*AVAILABLE RECORDS*:
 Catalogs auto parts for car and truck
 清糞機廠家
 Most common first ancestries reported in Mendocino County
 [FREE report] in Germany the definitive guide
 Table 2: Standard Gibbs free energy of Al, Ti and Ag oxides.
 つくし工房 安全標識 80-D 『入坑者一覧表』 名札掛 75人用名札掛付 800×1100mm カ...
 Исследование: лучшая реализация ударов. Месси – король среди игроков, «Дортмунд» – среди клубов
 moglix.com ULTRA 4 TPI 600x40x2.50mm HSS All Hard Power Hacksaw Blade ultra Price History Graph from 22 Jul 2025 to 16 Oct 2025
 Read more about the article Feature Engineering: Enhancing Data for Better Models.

---

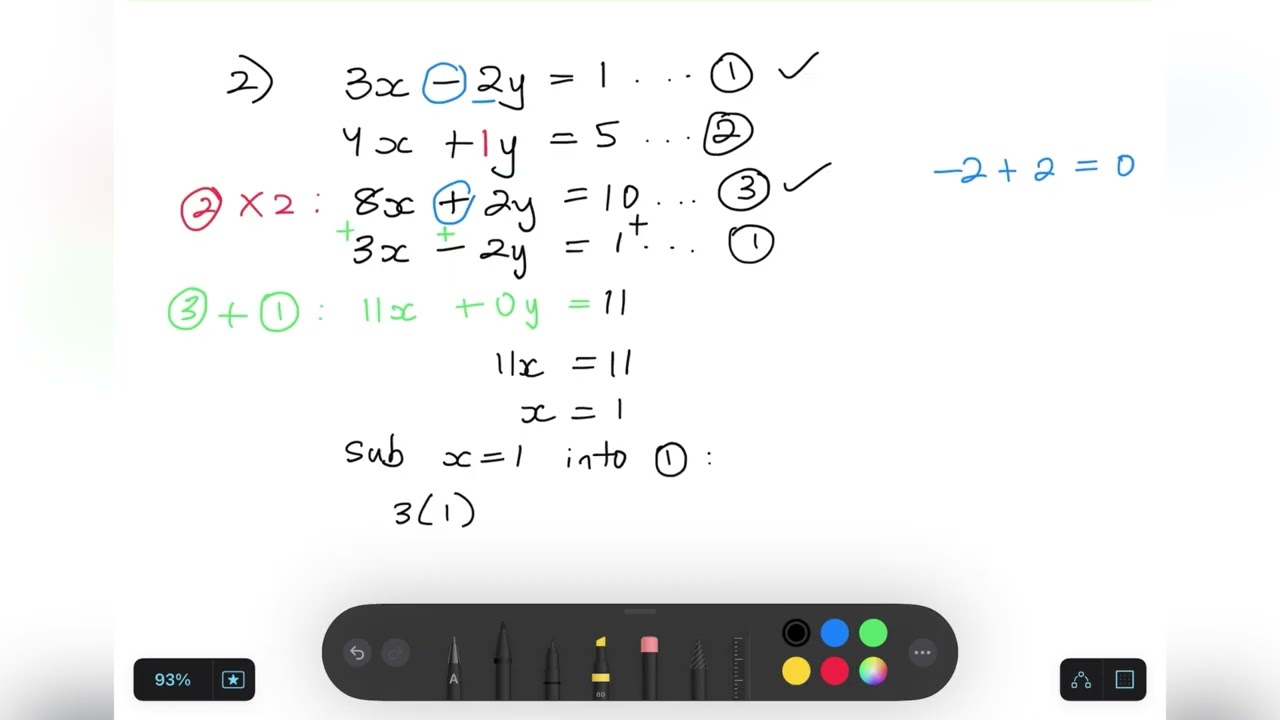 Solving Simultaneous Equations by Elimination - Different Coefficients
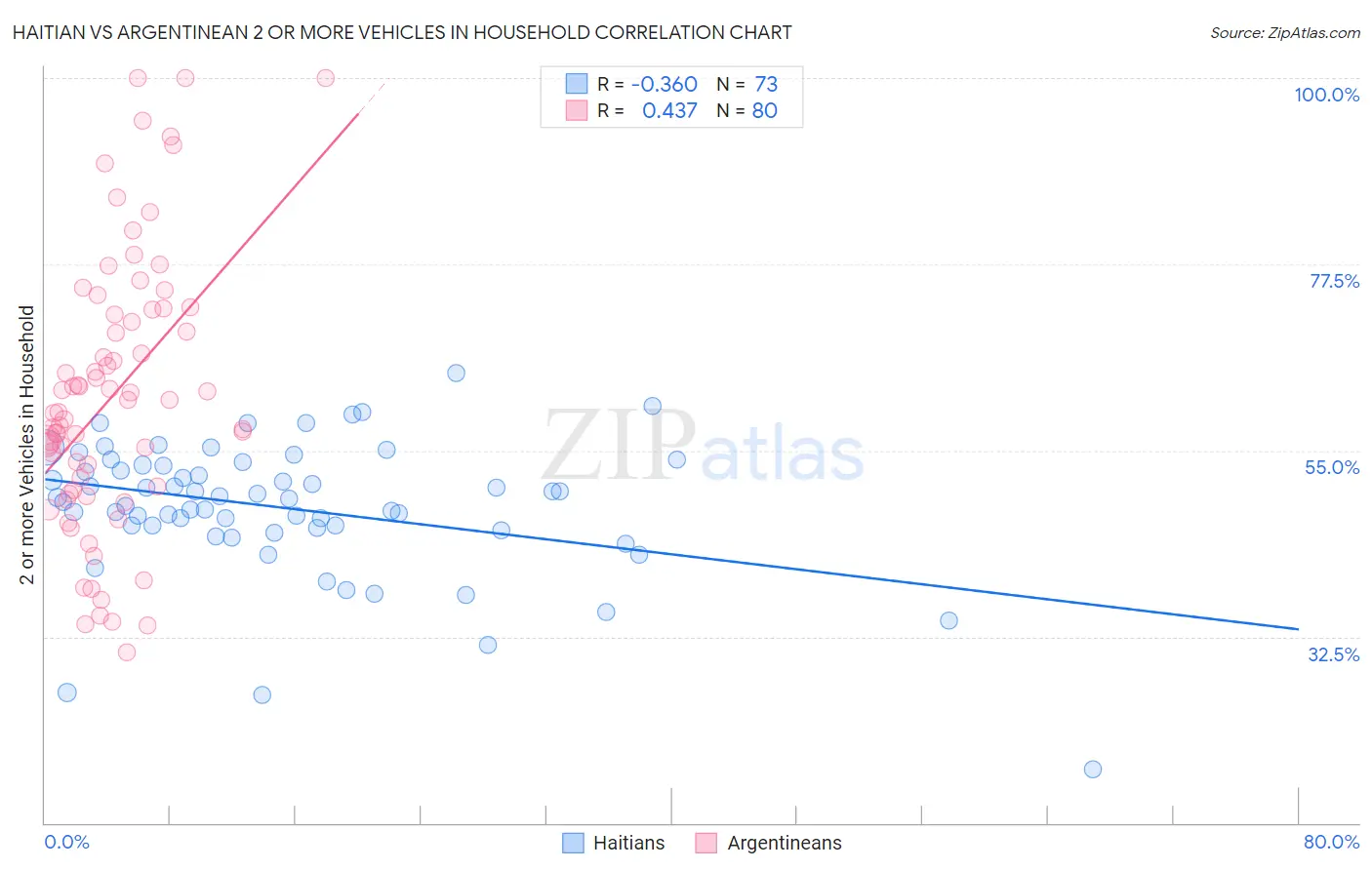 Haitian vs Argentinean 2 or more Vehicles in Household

*TASK GOAL*:
Looking at the data above, write out exactly the lines that start at the one containing "つくし工房 安全標識 80-D" and end at the one containing "Read more about"; include both and nothing beyond.

*THE ANSWER*:
 つくし工房 安全標識 80-D 『入坑者一覧表』 名札掛 75人用名札掛付 800×1100mm カ...
 Исследование: лучшая реализация ударов. Месси – король среди игроков, «Дортмунд» – среди клубов
 moglix.com ULTRA 4 TPI 600x40x2.50mm HSS All Hard Power Hacksaw Blade ultra Price History Graph from 22 Jul 2025 to 16 Oct 2025
 Read more about the article Feature Engineering: Enhancing Data for Better Models.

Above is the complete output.